E Jesus, com toda convicção, subiu para Jerusalém. Acompanhado do cego Bartimeu que o chamou de “Jesus, filho de Davi” a alguns momentos atrás. Reconheceu nele uma liderança política da tradição de Davi, alguém muito importante para os judeus. Muitos o repreenderam quando nomeou Jesus assim, pois nisto havia risco. O “cego” viu mais além dos outros, e mesmo sabendo do risco o seguiu. A sua fé o fez enxergar e seguir o “filho de Davi” a Jerusalém.
As Boas Novas viram realidade quando passam por dentro do conflito. E Jesus sabia disto. Os/as discípulos/as foram tomados de espanto. Espalhar Boas Novas sem passar por Jerusalém viram atos assistenciais. O povo liberto do Êxodo precisou passar pelo deserto, o lugar do perigo neste caminho, enfrentar a fome, sede, os grupos amalecitas. Já diz a tradição bíblica que os caminhos de Deus são estreitos, são pedregosos. E é assim. Tem deserto. Tem Jerusalém. Tem cruz.
A vida anunciada pela Boa Nova do Evangelho não escapa de Jerusalém. E isto nos espanta, nos deixa com medo. Irmã Dorothy (assassinada em 2005) poderia ter abandonado sua comunidade, a missão na Amazônia e não ter subido a Jerusalém junto com Jesus. O deserto a caminho da libertação e a subida a Jerusalém faz muitos desistirem. A porta é estreita! A noite de vigília das 10 virgens é longa! A pedra do túmulo é grande e pesada! O caminho da Glória de Deus é um cálice de sangue.

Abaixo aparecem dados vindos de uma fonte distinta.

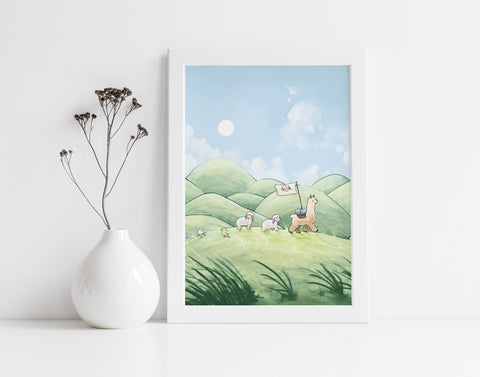 Alpaca & Sheep Art Print - Traveling Through Hills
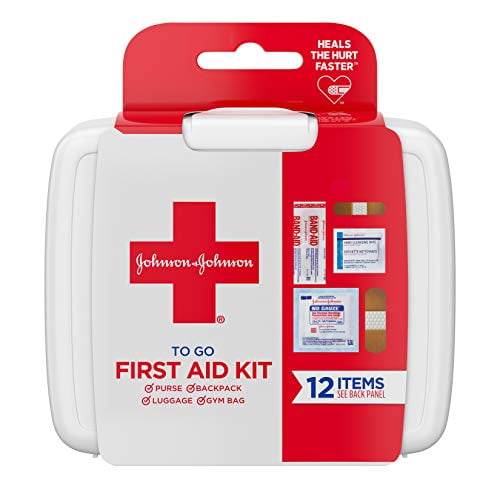 Johnson & Johnson First Aid To Go! Essential Emergency First Aid Travel Kit, 12 pieces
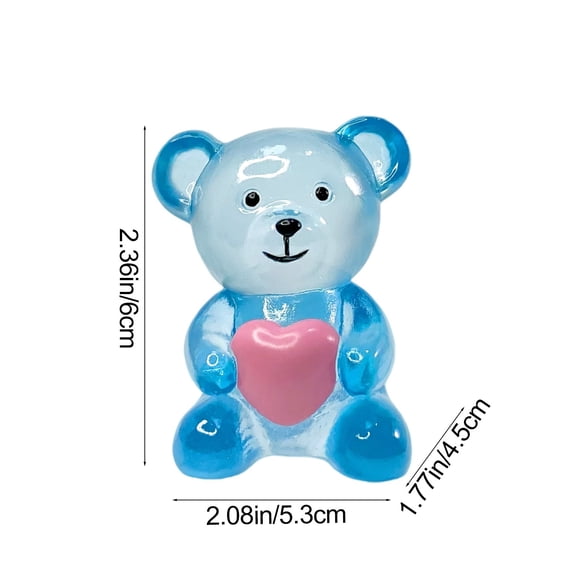 REZUOFI 2 Pcs Mini Heart Bear Resin Figurine, Cute Animal Sculpture for Office Desk Decor, Study Display, Transparent Craftsmanship, Gift for Loved Ones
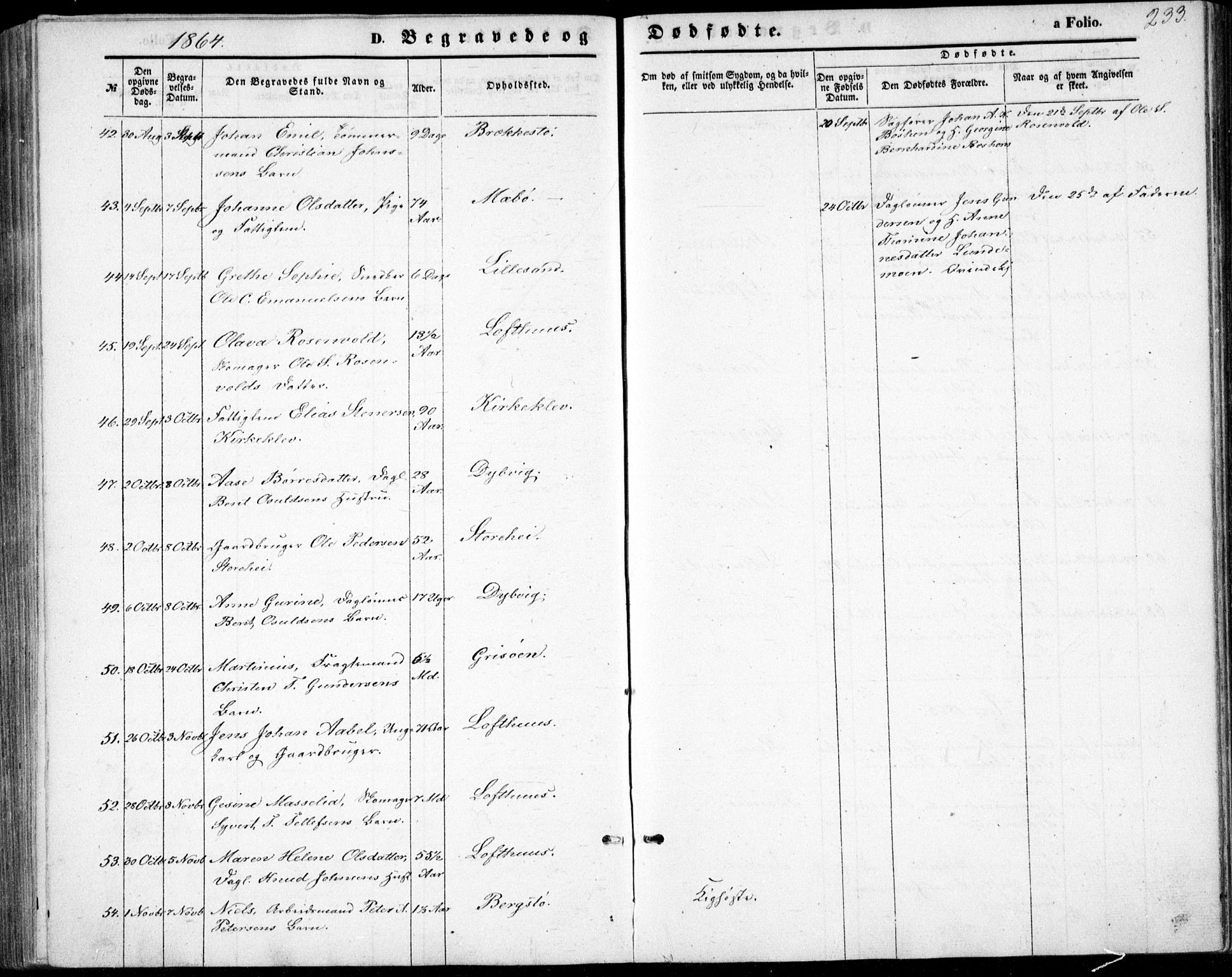 Vestre Moland sokneprestkontor, SAK/1111-0046/F/Fb/Fbb/L0004: Klokkerbok nr. B 4, 1861-1872, s. 233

Mas é preciso ir a Jerusalém! Não por busca de sofrimento, auto-flagelo e confusão para virar mártir. É preciso se colocar cara a cara com os que tem uma prática de promessa de vida ao povo de forma perversa: com os doutores da Lei e os chefes dos sacerdotes (Mc 10,33). Promessas, propostas, exigências, ilusões, em nome de Deus, para a vida do povo. Autoridades, autoritarismos, enganos, ilusões, manipulações, extorções, cooptações... Agora, cara a cara, estava posta a prova da Boa Nova para o povo. Através do conflito com as autoridades. Enfrentamento às formas de poder autoritário. Isto dá espanto. Isto dá medo. Isto faz desistir do caminho.
Jerusalém assusta. O poder nos encanta e nos assusta. As formas de poder culturalmente conhecidas pelos quatro cantos do mundo, via de regra, não são Boa Nova para o povo. Estas formas de poder construídas sobre o autoritarismo e centralismo – veja Gn 11, na narrativa da torre de Babel – atravessam nosso cotidiano, nas relações, nas formas como fazemos nossas instituições, desembocam em muita miséria e fome, destruição do planeta e todos os males sob os quais estamos sofrendo cada qual um pedaço. E não tem jeito, temos que colocar-nos cara a cara diante dos que detém poderes desta forma como Jesus o fez.
Cuspiram, torturaram, humilharam, mataram... a Jesus e tantas/os companheiros, na comunhão de todos/as os/as santos/as. Mais não tem outro jeito na história da salvação da tradição judaico-cristã e na história da humanidade. Muitos das nossas irmãs/os tiveram coragem de subir a Jerusalém com Jesus. Podemos ter espanto, podemos ter medo. Deus nos animará todos os dias e em todos os momentos neste caminho. Jesus vai a frente! “Fazei isto todas as vezes que comerdes deste pão e tomares deste cálice, em minha memória.”